▸ Data:

▬▬▬

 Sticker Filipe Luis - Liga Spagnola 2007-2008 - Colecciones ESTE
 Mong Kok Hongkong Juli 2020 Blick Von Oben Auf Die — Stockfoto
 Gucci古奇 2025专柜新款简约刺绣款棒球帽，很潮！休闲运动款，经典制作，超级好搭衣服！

▬▬▬

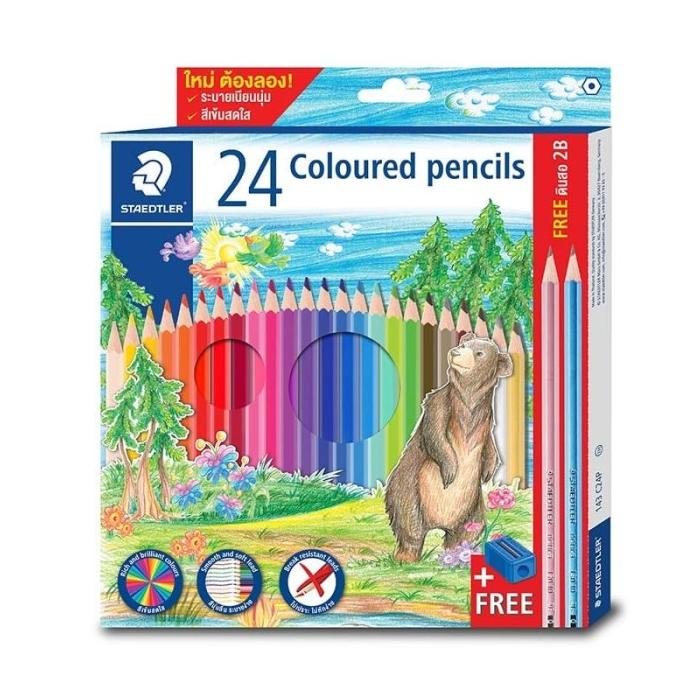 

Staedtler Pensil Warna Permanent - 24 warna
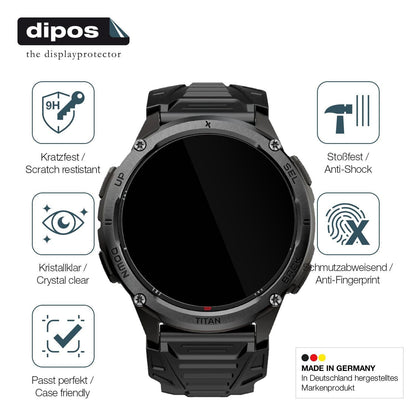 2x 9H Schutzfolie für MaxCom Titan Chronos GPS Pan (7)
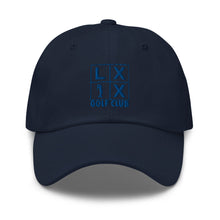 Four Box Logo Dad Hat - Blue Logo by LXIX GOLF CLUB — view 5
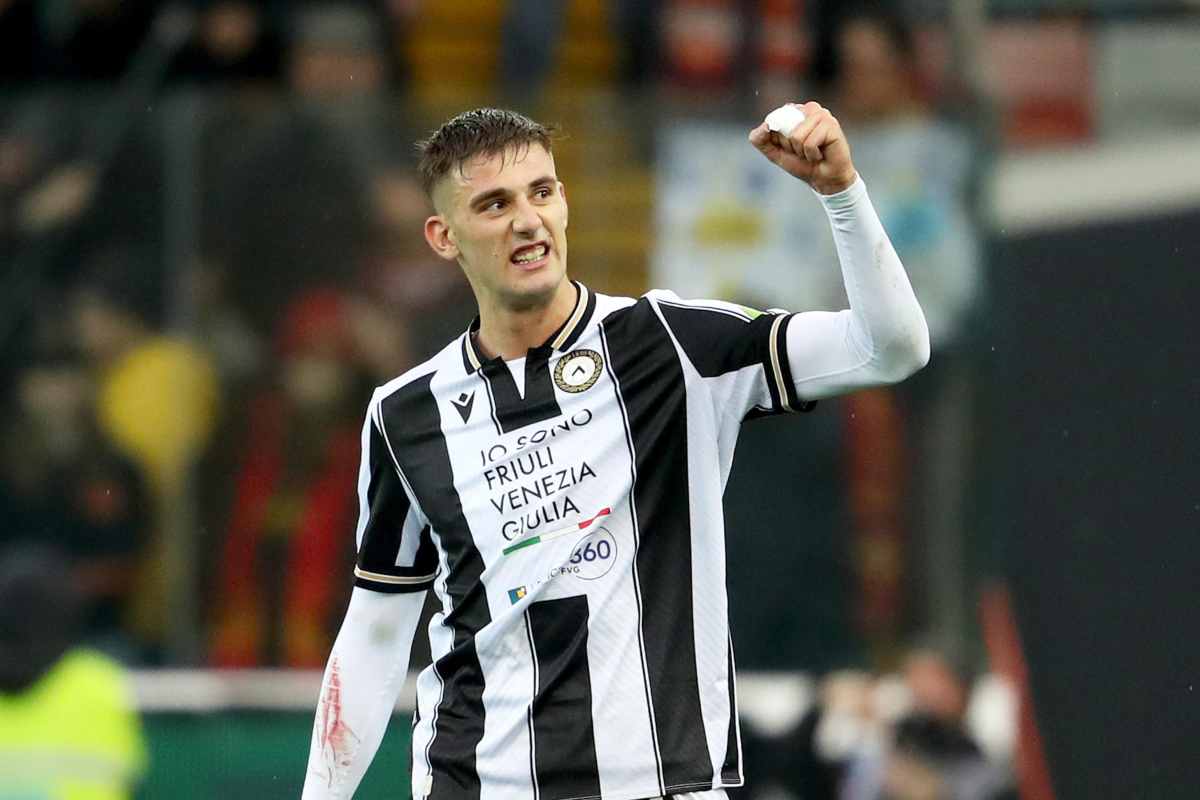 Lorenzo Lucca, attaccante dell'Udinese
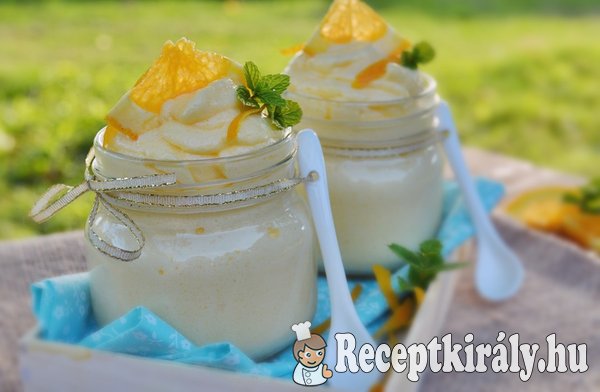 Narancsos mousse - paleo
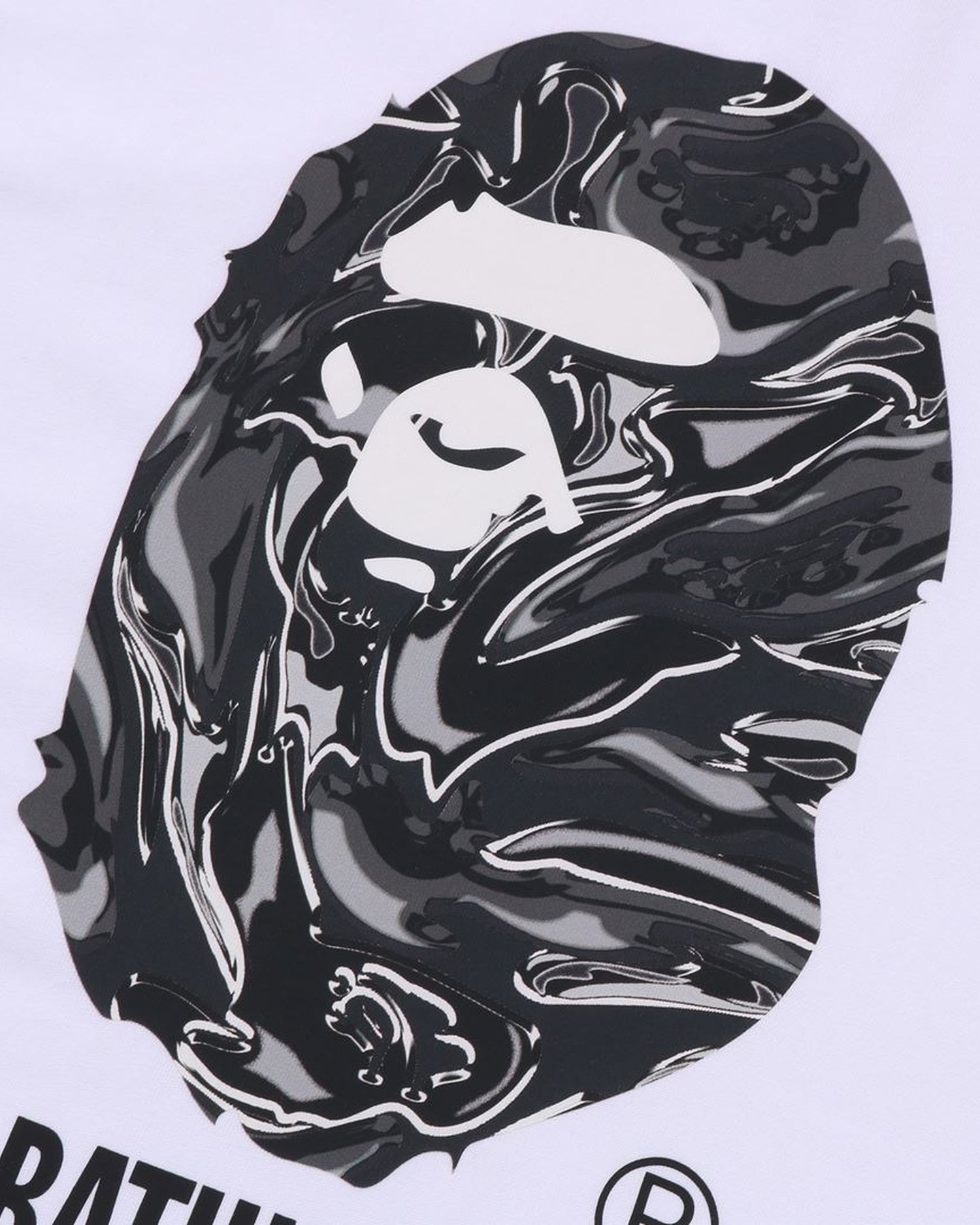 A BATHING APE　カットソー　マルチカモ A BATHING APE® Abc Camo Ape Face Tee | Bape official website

▬▬▬

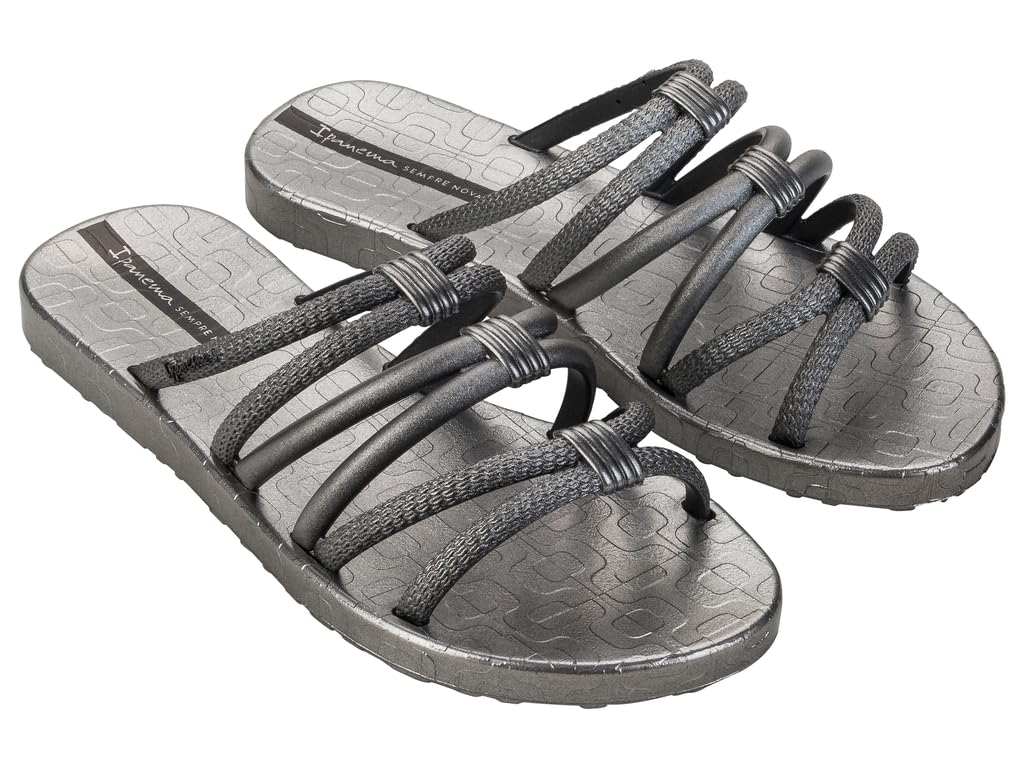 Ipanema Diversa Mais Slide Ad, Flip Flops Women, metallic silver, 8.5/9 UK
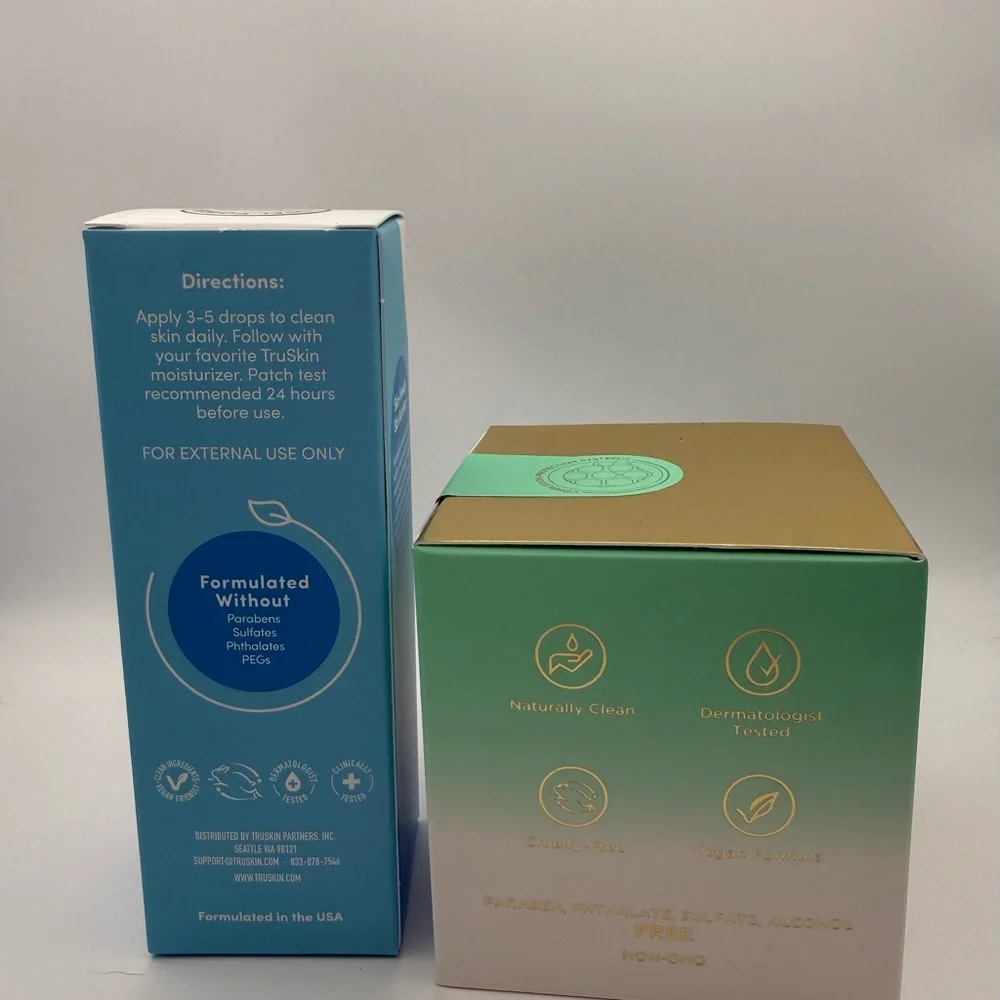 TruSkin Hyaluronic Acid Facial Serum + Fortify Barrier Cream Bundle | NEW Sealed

▬▬▬

▸ Instructions to follow: Would you retype exactly the lines above, from the line with "Sticker Filipe Luis" to the line with "Gucci古奇 2025专柜", with both end lines kept and nothing more?

▸ Response area:
 Sticker Filipe Luis - Liga Spagnola 2007-2008 - Colecciones ESTE
 Mong Kok Hongkong Juli 2020 Blick Von Oben Auf Die — Stockfoto
 Gucci古奇 2025专柜新款简约刺绣款棒球帽，很潮！休闲运动款，经典制作，超级好搭衣服！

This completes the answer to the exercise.